Here is a link to a photo on the SPS website showing Labrie on April 3, 2014, in a re-enactment of the school’s founding during the Founder’s Day chapel: http://www.sps.edu/podium/default.aspx?t=204&nid=724906&bl=back&rc=0

His hair looks as dark to me in that photo as it did during the trial.

I’m not a climatologist and I don’t live in New England, so here’s a question for those with more knowledge: is there enough intense sunlight in NH between April 3rd and the July arrest date (when the mug shot was taken) to change a kid’s hair color?

Was the chapel he built over the past year outside in that same intense NH sunlight?

Common sense tells me it’s peroxide, which usually makes hair turn orange. I have no actual knowledge of what was going on with the defendant’s hair … just putting the speculative pieces together. YMMV.

I wonder if the brightness of the camera flash in the mugshot has the effect of making his hair lighter than his natural color. Mugshots are never flattering and I think a lot of that has to do with room lighting (fluorescent most likely) and the brightness of camera flash.

I don’t think anyone would describe NH sunlight as intense.

GnocchiB, three weeks in the sun this summer was enough to turn my hair significantly redder, since I have dark brown hair with red highlights. :slight_smile:

In any case, people were saying that he dyed his hair dark for court. That is what seems silly to me. I have no idea whether he experimented with Sun-In or whatever teens fool around with to get blonder highlights that summer.

I didn’t find his post verdict response heartbreaking at all. It just seemed like it was an act.

Really? If that was an act, it was Oscar worthy. Seemed very visceral to me based on the short clip I saw.

@Consolation, I hadn’t thought about red undertones … from a family of blondes here … I guess you’re right that those could come out. And @doschicos, yes, I’m sure the lighting in police stations is not exactly the most flattering.

I’m guessing the brown is natural.

His crying when the verdicts were read made me feel terrible. I kept thinking about how he’d fare in jail … not well, I’m afraid. Would he be classified as a violent offender? How much do prisons in NH segregate prisoners based on offenses?

Does New Hampshire have pay to stay practices? Not the upscale ones, but the type where inmates pay for their imprisonment.
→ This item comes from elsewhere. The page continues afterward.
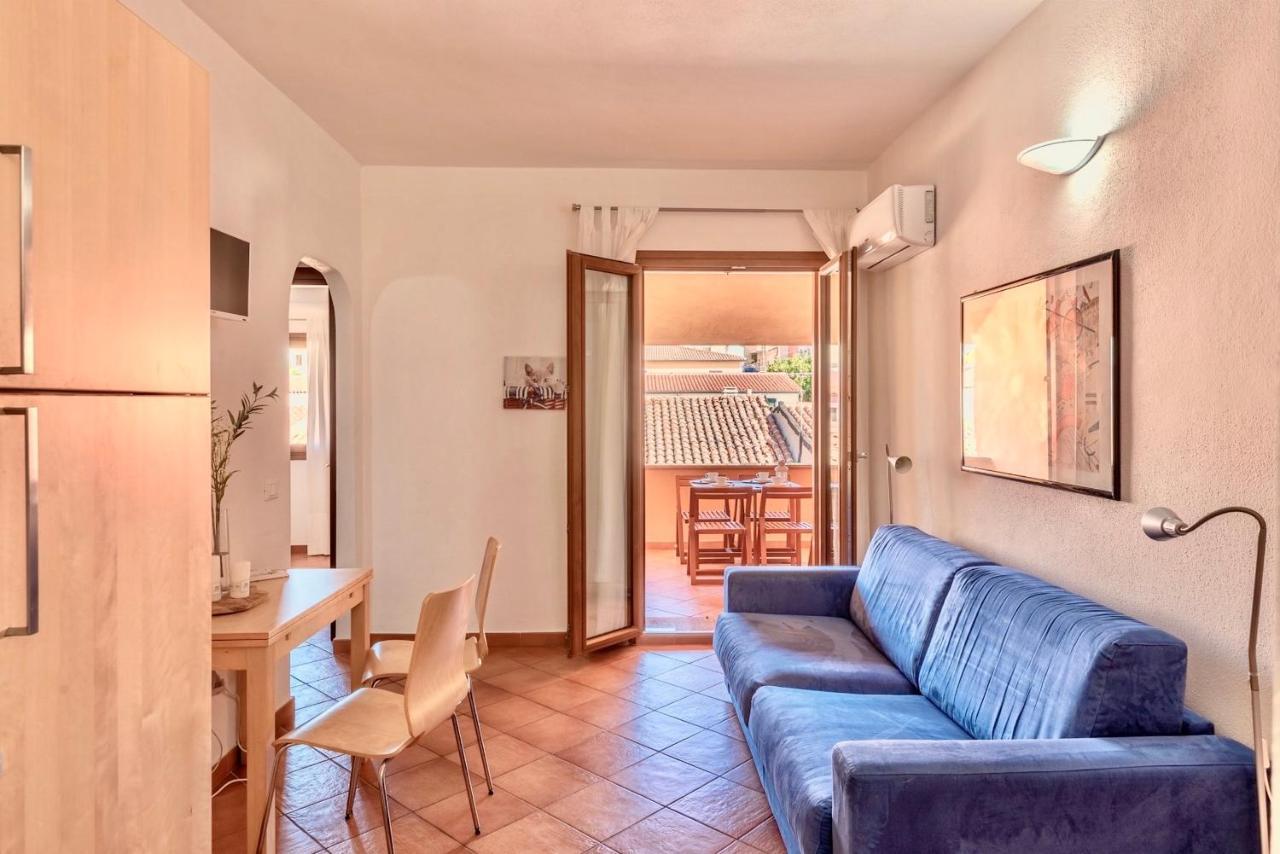Apartments With Swimming Pool In Santa Teresa Di Gallura Ngoại thất bức ảnh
“It just seemed like it was an act.”

I don’t know. You could be a really horrible person and still be sad/scared to learn that you were convicted of a felony. I don’t think there would be much strategic advantage in fake-crying; the appeals court won’t see it.

I read his reaction to the guilty verdicts to be the result of the realization that he’s not going to Harvard. That reaction compared to his calm, cool demeanor in the clips of his testimony was a bit chilling to me, frankly.

I don’t think labrie’s reaction at the verdict looked faked at all; but I suppose a cynic might say he was trying to gain sympathy from the judge who will determine his sentence.

New Hampshire is a small state with a correspondingly small prison system and prison population. Not many options. I’ve never heard of pay to stay before. I had to google it.